Pourtant, après le miracle et la victoire, comme le soulignent nos sages, « nous sommes encore les serviteurs d’Assuérus. » De fait, lorsque se concluent glorieusement les événements qui, en Perse, donnèrent naissance à Pourim, l’exil ne se termine pas. Les Juifs restent en Babylonie et le Temple gît toujours en ruine à Jérusalem, détruit par les armées de Nabuchodonosor.
Il est pourtant clair que quelque chose a changé. Si la liberté n’est pas encore acquise – elle le sera concrètement quelque temps plus tard avec le retour des exilés en Israël et la construction du second Temple – son appel résonne déjà dans l’air du temps. Dans le calendrier rituel, l’idée est soulignée par le fait que la célébration de Pessa’h, archétype de toutes nos libérations, suit de près la fête de Pourim.
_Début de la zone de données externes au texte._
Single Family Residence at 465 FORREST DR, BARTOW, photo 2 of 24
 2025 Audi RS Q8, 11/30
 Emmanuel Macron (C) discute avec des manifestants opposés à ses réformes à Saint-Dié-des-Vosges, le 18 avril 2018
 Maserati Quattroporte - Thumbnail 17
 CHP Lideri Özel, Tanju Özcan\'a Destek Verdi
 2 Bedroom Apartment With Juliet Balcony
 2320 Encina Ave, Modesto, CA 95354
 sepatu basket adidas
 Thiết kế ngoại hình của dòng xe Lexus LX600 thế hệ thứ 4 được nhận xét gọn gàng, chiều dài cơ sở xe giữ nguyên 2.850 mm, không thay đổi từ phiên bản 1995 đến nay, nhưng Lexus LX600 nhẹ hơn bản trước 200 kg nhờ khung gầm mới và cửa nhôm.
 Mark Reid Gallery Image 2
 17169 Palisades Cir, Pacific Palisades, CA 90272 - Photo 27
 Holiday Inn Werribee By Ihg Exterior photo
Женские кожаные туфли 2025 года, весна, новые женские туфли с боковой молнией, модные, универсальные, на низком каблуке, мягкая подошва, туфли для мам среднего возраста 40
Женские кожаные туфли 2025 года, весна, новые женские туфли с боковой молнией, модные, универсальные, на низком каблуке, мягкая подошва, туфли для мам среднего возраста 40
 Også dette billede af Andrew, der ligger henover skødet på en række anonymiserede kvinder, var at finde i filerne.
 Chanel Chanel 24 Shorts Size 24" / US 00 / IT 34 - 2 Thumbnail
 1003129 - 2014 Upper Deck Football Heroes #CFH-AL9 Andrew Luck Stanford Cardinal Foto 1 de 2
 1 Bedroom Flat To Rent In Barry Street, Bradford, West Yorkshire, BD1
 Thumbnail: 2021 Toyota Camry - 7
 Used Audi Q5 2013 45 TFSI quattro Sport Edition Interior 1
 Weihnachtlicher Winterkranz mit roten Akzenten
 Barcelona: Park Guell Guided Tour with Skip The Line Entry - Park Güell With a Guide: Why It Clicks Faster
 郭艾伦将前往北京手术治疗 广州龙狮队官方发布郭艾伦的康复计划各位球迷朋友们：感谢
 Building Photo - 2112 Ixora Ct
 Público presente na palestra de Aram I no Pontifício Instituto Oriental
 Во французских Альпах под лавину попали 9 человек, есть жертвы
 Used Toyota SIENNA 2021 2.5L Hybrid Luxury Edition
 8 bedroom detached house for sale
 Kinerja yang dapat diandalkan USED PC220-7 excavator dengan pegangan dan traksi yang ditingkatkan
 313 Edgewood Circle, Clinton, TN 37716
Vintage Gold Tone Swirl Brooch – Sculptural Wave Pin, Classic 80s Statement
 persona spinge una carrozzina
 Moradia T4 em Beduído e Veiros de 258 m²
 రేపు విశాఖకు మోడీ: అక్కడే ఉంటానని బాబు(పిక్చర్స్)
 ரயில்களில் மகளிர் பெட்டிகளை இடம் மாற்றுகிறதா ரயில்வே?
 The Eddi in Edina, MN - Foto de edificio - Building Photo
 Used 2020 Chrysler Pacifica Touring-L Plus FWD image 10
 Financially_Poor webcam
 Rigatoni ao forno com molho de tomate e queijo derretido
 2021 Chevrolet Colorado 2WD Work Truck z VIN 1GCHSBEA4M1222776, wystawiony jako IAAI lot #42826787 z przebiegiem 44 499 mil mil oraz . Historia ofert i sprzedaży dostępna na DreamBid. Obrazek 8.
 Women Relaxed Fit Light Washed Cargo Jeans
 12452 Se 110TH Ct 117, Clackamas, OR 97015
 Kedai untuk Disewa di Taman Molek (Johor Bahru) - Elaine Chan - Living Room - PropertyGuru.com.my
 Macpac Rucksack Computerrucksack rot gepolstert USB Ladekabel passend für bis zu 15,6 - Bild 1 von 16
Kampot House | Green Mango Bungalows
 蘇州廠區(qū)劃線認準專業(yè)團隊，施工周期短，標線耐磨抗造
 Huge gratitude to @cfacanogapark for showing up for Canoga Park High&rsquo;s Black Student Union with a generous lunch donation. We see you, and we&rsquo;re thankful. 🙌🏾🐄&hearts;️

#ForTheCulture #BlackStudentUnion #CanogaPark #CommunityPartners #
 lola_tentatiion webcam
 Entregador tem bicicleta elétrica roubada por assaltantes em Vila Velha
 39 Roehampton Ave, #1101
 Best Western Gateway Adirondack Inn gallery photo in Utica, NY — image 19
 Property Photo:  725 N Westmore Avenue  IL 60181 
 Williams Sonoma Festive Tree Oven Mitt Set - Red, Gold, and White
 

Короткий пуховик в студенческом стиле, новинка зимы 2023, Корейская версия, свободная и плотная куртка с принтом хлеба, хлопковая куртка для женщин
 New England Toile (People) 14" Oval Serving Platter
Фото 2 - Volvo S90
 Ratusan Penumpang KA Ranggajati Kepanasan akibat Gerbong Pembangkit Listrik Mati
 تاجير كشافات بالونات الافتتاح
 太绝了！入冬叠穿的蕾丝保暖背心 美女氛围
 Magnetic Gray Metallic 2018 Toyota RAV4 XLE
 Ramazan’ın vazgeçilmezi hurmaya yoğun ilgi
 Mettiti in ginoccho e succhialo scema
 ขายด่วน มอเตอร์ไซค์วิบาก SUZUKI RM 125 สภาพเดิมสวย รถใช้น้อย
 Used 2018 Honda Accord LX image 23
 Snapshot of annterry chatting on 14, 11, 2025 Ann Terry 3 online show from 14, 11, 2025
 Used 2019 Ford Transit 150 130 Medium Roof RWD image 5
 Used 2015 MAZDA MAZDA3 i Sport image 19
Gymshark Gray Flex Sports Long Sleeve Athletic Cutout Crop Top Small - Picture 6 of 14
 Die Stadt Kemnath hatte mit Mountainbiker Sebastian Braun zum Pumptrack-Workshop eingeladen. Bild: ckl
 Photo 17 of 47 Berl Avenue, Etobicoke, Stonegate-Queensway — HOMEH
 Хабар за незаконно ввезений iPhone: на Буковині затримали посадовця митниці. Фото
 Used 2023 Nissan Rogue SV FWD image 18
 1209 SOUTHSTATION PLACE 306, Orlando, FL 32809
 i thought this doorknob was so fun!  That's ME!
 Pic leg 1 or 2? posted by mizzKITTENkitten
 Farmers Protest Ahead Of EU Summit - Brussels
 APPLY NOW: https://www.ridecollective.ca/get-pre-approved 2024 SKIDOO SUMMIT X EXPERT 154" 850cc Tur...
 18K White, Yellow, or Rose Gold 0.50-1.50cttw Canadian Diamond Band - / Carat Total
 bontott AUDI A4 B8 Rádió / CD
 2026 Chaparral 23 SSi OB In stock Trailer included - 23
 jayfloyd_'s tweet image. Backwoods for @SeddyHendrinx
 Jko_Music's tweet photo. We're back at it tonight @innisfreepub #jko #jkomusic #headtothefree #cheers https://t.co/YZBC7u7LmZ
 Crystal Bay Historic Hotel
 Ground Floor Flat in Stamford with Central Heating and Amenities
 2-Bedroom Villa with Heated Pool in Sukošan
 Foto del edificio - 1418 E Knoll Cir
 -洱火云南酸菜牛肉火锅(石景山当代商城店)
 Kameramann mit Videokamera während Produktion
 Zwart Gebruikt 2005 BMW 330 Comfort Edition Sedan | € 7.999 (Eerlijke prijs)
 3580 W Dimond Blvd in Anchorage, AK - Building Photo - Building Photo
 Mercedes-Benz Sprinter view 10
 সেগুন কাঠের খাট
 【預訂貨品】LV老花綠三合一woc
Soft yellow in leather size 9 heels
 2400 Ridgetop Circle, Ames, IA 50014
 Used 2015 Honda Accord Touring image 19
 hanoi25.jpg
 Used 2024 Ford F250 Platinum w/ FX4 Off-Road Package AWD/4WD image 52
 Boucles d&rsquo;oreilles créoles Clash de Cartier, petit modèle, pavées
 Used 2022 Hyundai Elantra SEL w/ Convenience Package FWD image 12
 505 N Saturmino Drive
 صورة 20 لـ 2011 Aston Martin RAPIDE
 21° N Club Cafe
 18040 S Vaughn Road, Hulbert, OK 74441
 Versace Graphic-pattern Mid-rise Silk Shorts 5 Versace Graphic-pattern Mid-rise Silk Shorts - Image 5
Il ne s’agit pas là d’un traditionnel optimisme juif qui voudrait que, tout à la joie des fêtes successives, nous ne regardions plus le monde qu’au travers de nos désirs de paix. Le changement entrepris est véritablement profond et entre en résonance avec ce que nous vivons jour après jour.
En effet, en un temps où des vociférations d’un autre âge se font encore entendre, en une époque où assumer ce que l’on est, sans concession ni arrogance, semble poser problème à certains, entendre monter le chant de la liberté peut demander effort. La tentation du renoncement peut alors surgir sans même que l’on en ait pris conscience au préalable.
C’est justement alors que Pourim donne son plein enseignement. Certes, l’exil est encore matériellement sous nos yeux. Certes, le monde paraît bien puissant devant le «peuple dispersé parmi les autres peuples». Mais Pourim nous a montré le secret de la vie et de la victoire : être soi-même, ne jamais renoncer, ne jamais troquer la vérité de toujours contre l’illusion d’un temps.
Pour ces raisons, Pourim ne peut pas s’effacer de notre mémoire. Il est, d’une certaine façon, notre aventure quotidienne. La liberté est une conquête toujours recommencée. Il nous appartient de la maintenir, l’étendre et lui donner son fondement enfin éternel. Justement, c’est à présent vers Pessa’h que nous nous dirigeons, a-t-on dit. Pessa’h, comme la fin ultime de tout exil.